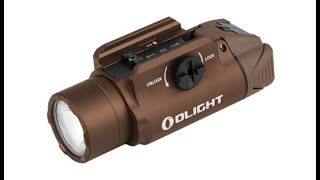 OLight PL 3 Valkyrie [upl. by Huai]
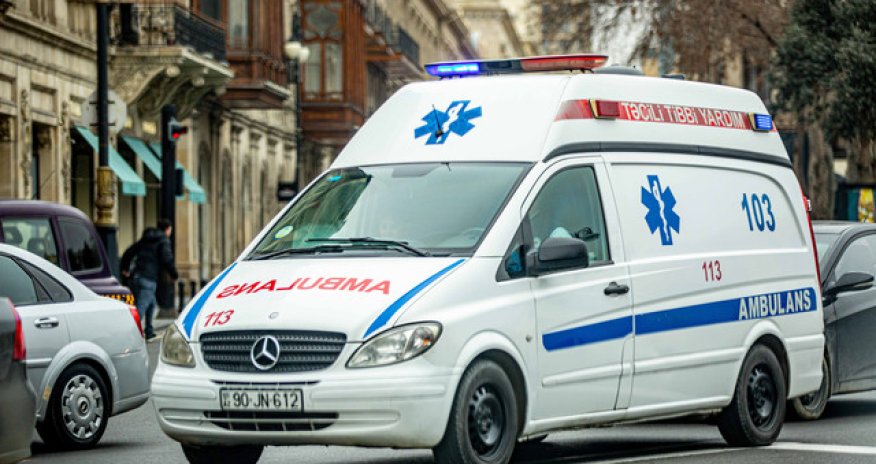 Qazaxda təcili yardımın işçiləri İMDAD DİLƏYİRLƏR- Onlar acınacaqlı vəziyyətdədir- VİDEO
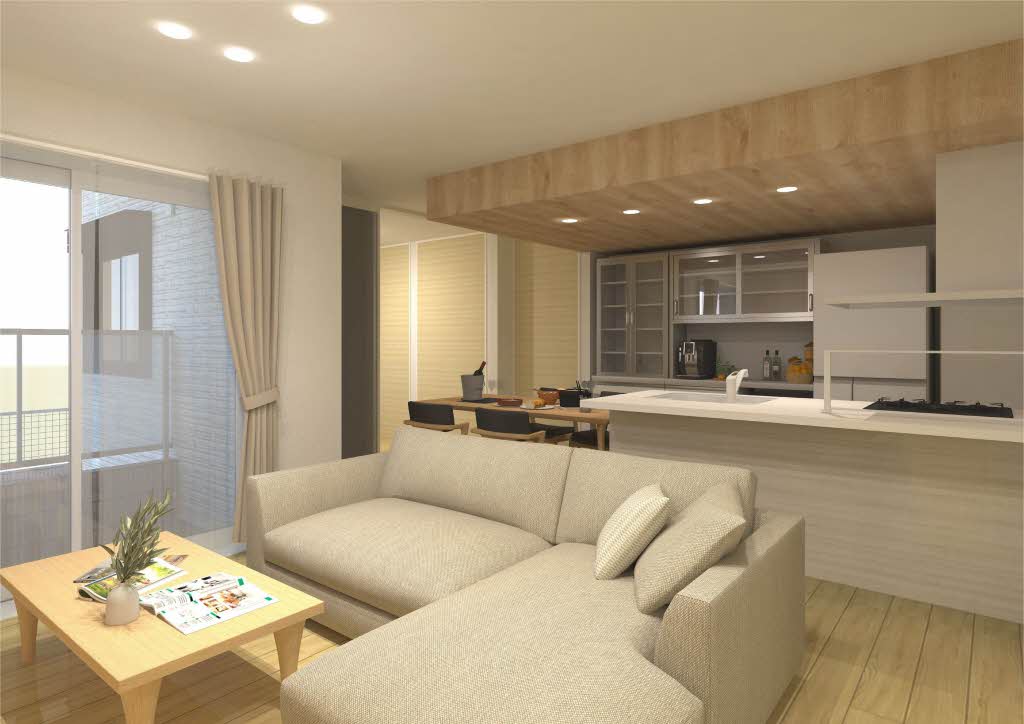 居室・リビング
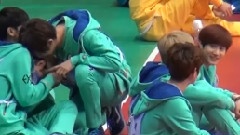 MBC偶像运动会录制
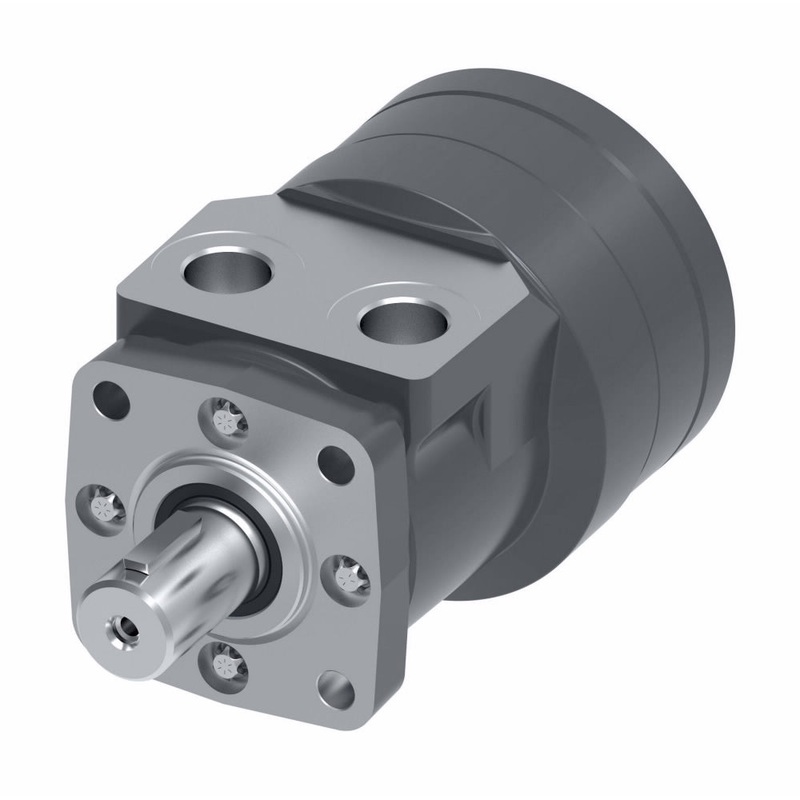 Danfoss Eaton Char-Lynn 103-1004-012 Hydraulic Torque Motor MS0101BA01AB0000000000000AA00M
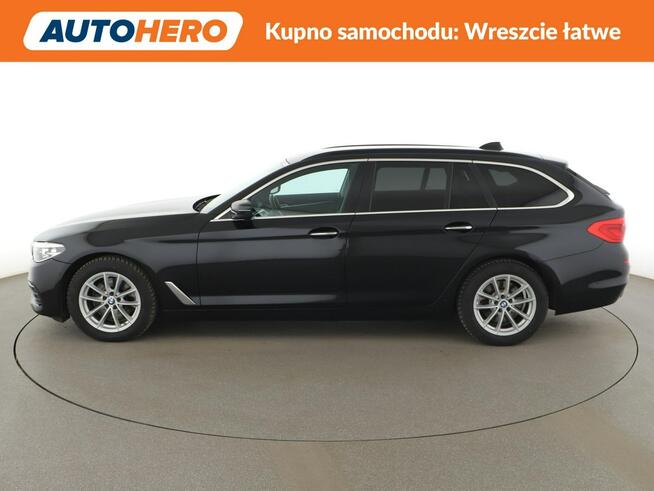520d Automat Navi Tempomat Grzana Skóra Kamera PDC FullLED Warszawa - zdjęcie 2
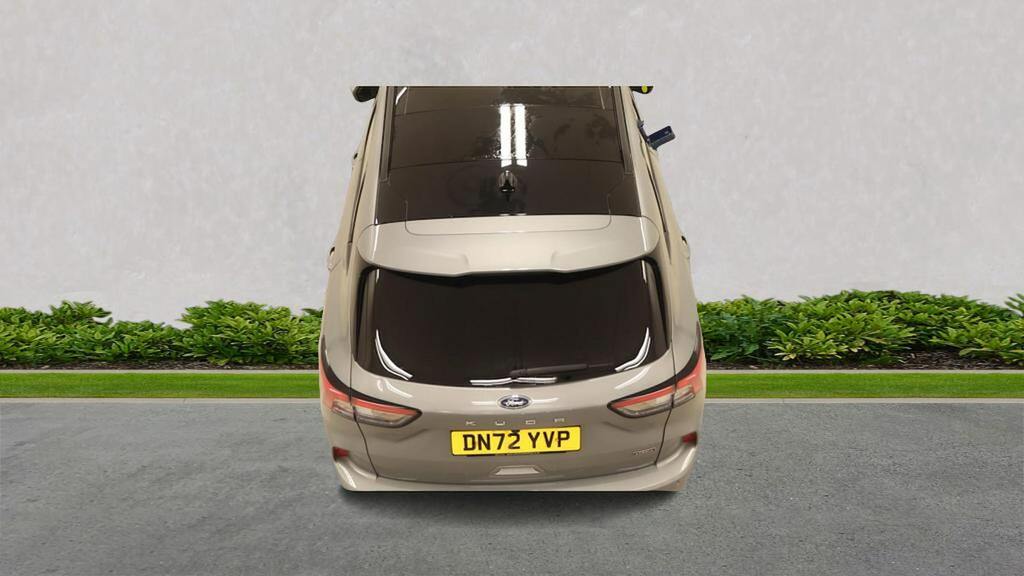 Ford Kuga 2.5 Ecoboost Duratec 14.4Kwh St-line X Suv Pet #4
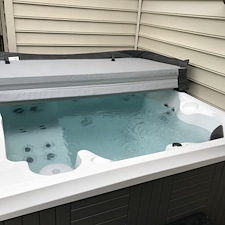 Hot tub wiring install gainesville va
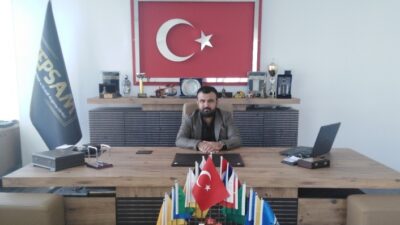  Türkiye Ekonomik Politik Ve Stratejik Araştırma Merkezi Başkanı Teoman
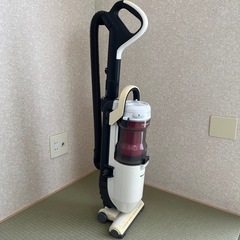 【Panasonic】 サイクロン掃除機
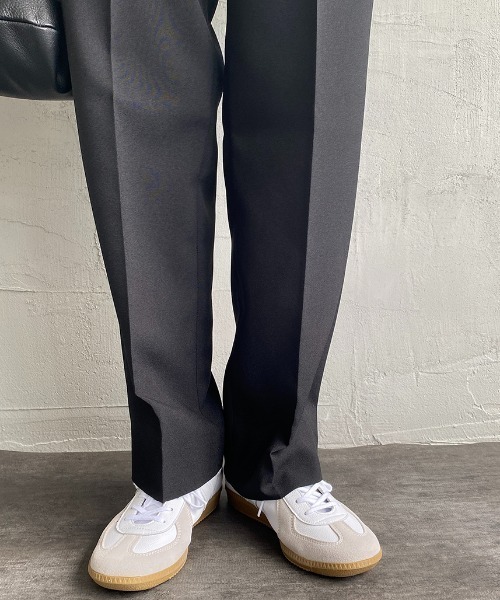 THE SHINZONE（ザ　シンゾーン）の「[THE SHINZONE/ザ シンゾーン] クライスラーパンツ（スラックス・レディース・ブラック/ブラウン/グレー・0/34/32）」の7枚目の写真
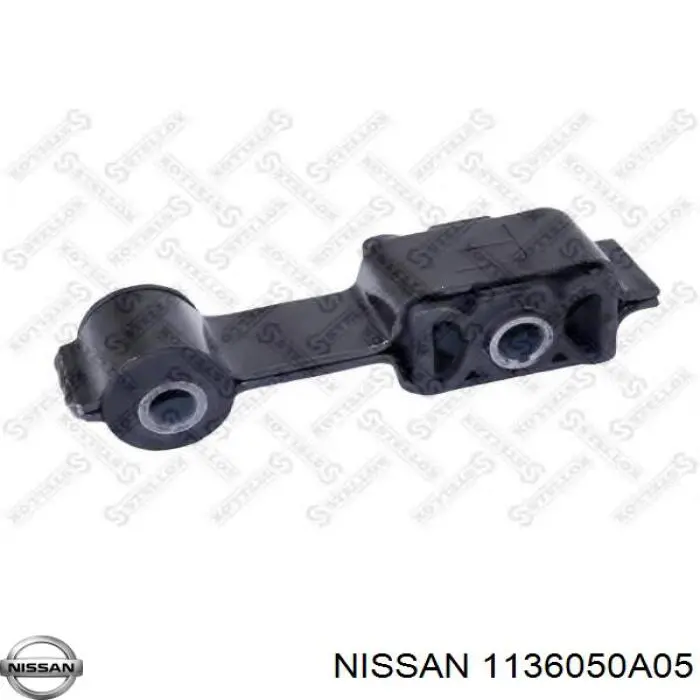 1136050A05 Nissan подушка (опора двигателя задняя)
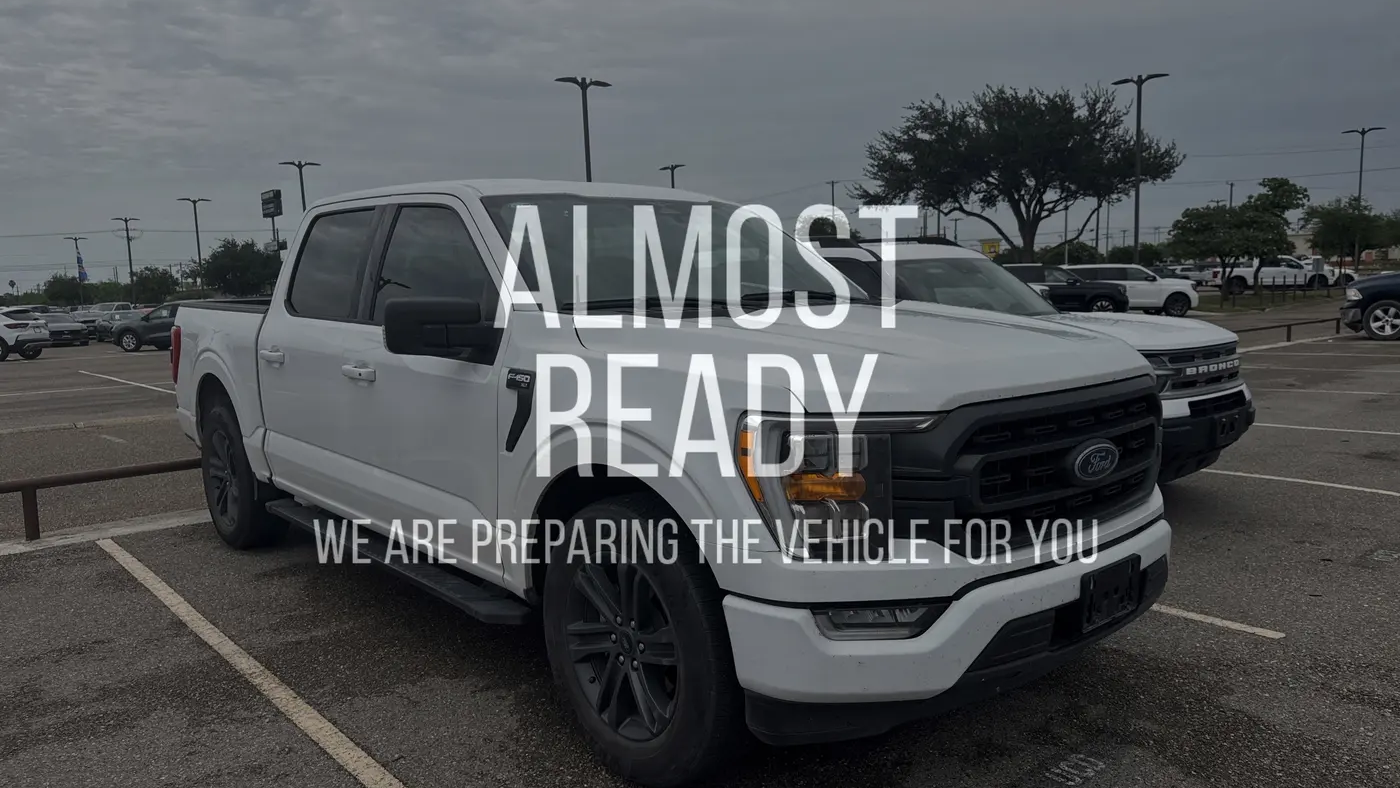 2023 Ford F-150 XL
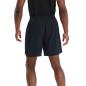 Canterbury Mens 2 in 1 Gym Shorts - Black - Model Back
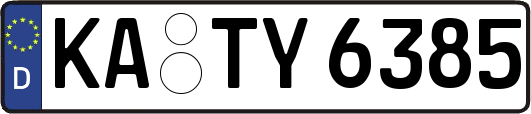 KA-TY6385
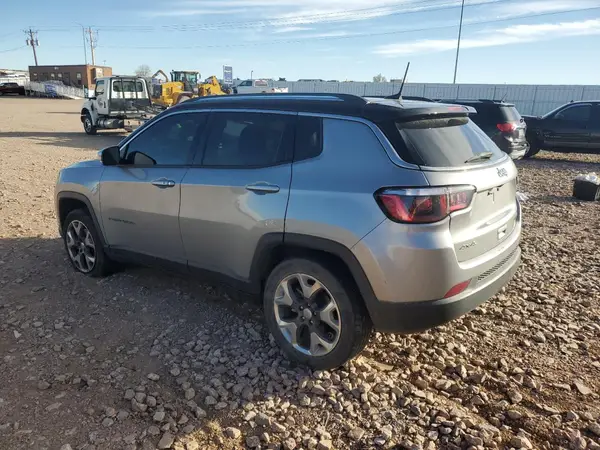 3C4NJDCB4LT203942 2020 JEEP COMPASS - Image 2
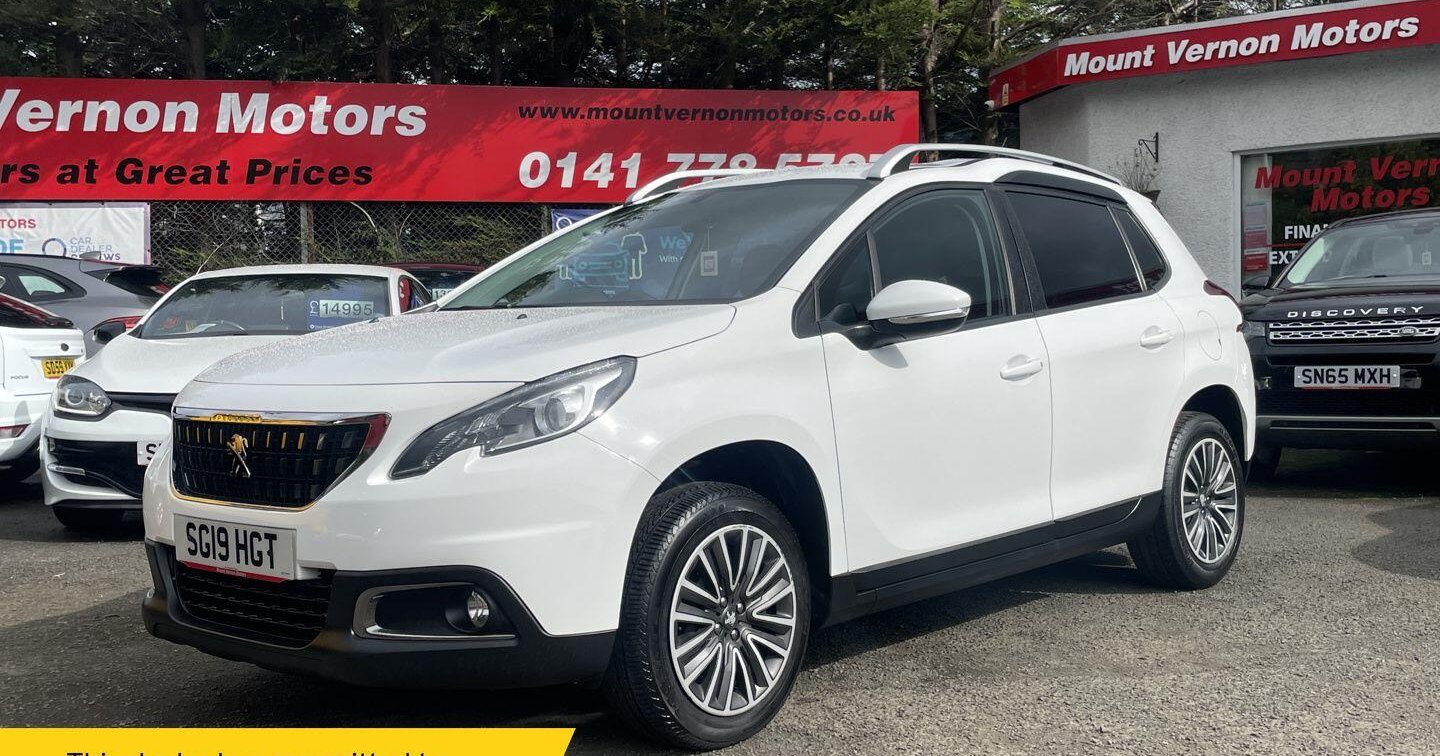 2008 Peugeot 2008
• • • •
TASK:
From the line with "1136050A05 Nissan подушка" down to the last line of the entries above, set down every line exactly, apart from the pictures.

EXERCISE SOLUTION:
 1136050A05 Nissan подушка (опора двигателя задняя)
 2023 Ford F-150 XL
 Canterbury Mens 2 in 1 Gym Shorts - Black - Model Back
 KA-TY6385
 3C4NJDCB4LT203942 2020 JEEP COMPASS - Image 2
 2008 Peugeot 2008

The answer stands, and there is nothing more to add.